Przed meczem Piast - Śląsk: Wrocławski kompleks Piasta

Niedzielnie spotkanie pomiędzy Piastem Gliwice a Śląskiem Wrocław zdecydowanie ważniejsze będzie dla gospodarzy. W przypadku zwycięstwa piłkarze Piasta zapewnią sobie utrzymanie w lidze. Na korzyść drużyny z Gliwic działa także to, że zawodnicy Śląska mają prawdziwy kompleks Piasta.

W tym sezonie oba zespoły mierzyły się już trzy razy. Dwa razy w Pucharze Ekstraklasy i raz w rozgrywkach ligowych. Za każdym razem lepsza była drużyna z Gliwic. Pierwsze spotkanie w ramach zmagań w ekstraklasie pomiędzy tymi ekipami odbyło się 8 listopada 2008 roku. Piast pokonał we Wrocławiu Śląsk 1:0. Jedyną bramkę w tej potyczce zdobył Daniel Koczon. Drużyna z Gliwic jako pierwsza zdobyła twierdzę Wrocław. Do tej pory trzy punkty ze stolicy Dolnego Śląska poza wspomnianym Piastem wywiozły jeszcze Polonia Warszawa i Lech Poznań.

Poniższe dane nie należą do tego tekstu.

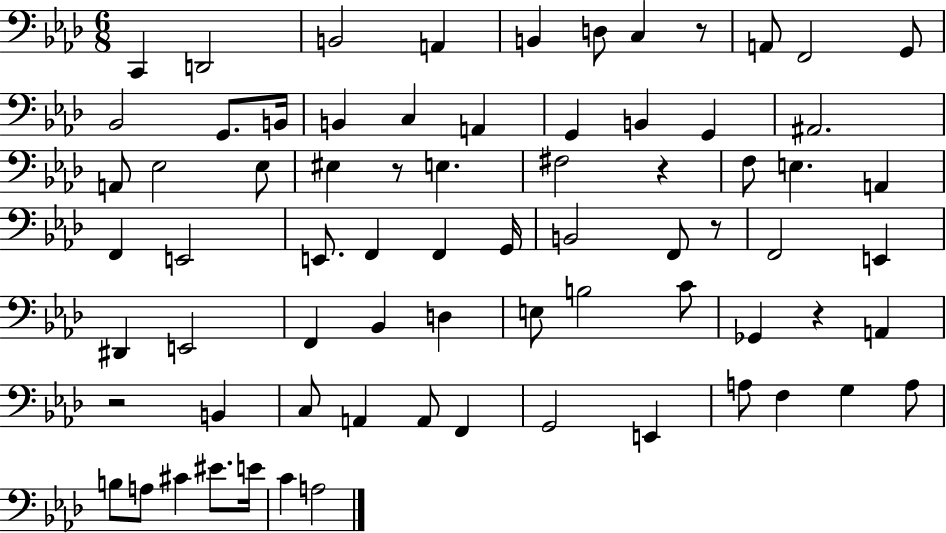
{
  \clef bass
  \numericTimeSignature
  \time 6/8
  \key aes \major
  c,4 d,2 | b,2 a,4 | b,4 d8 c4 r8 | a,8 f,2 g,8 | \break bes,2 g,8. b,16 | b,4 c4 a,4 | g,4 b,4 g,4 | ais,2. | \break a,8 ees2 ees8 | eis4 r8 e4. | fis2 r4 | f8 e4. a,4 | \break f,4 e,2 | e,8. f,4 f,4 g,16 | b,2 f,8 r8 | f,2 e,4 | \break dis,4 e,2 | f,4 bes,4 d4 | e8 b2 c'8 | ges,4 r4 a,4 | \break r2 b,4 | c8 a,4 a,8 f,4 | g,2 e,4 | a8 f4 g4 a8 | \break b8 a8 cis'4 eis'8. e'16 | c'4 a2 | \bar "|."
}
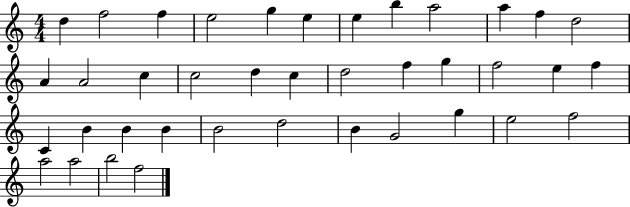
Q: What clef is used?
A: treble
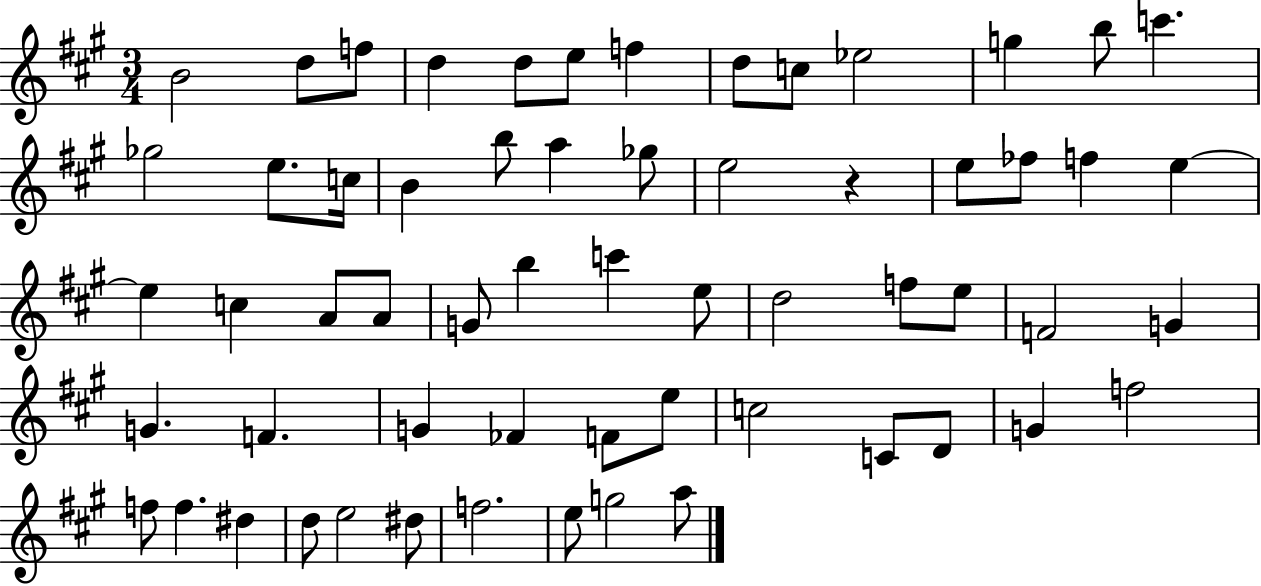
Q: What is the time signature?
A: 3/4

Zespoły z Gliwic i Wrocławia mierzyły się także w niedawno zakończonym Pucharze Ekstraklasy. W tych rozgrywkach wrocławianie także nie mogli znaleźć recepty na Piast. W pierwszym meczu, który odbył się 7 października, Piast na własnym stadionie wygrał z zawodnikami prowadzonymi przez Ryszarda Tarasiewicza 3:1. Dla gospodarzy dwukrotnie trafił Sebastian Olszar, a trzeciego gola dołożył Lumir Sedlacek. Honorowe trafienie dla wrocławian zaliczył Przemysław Łudziński. W pojedynku rewanżowym rozgrywanym 26 listopada gliwiczanie w stolicy Dolnego Śląska wygrali 2:1. Gole zdobywali Piotr Prędota i Marcin Folc dla Piasta oraz Marek Gancarczyk dla Śląska.

Podsumowując w trzech starciach w tym sezonie za każdym razem lepszy był Piast Gliwice. Gliwiczanie strzelili w meczach ze Śląskiem sześć bramek tracąc przy tym dwie. Także w niedzielnym spotkaniu wrocławianom nie będzie łatwo o trzy ligowe punkty. Ryszard Tarasiewicz na pewno nie będzie mógł skorzystać z Sebastiana Mili, Jarosława Fojuta i Dariusza Sztylki. W kadrze meczowej znalazł się także młody Jacek Sajak, który będzie rezerwowym bramkarzem. - Do Gliwic na pewno pojedziemy po to, aby tam wygrać - powiedział portalowi SportoweFakty.pl będący ostatnio w dobrej formie napastnik WKS-u, Vuk Sotirović.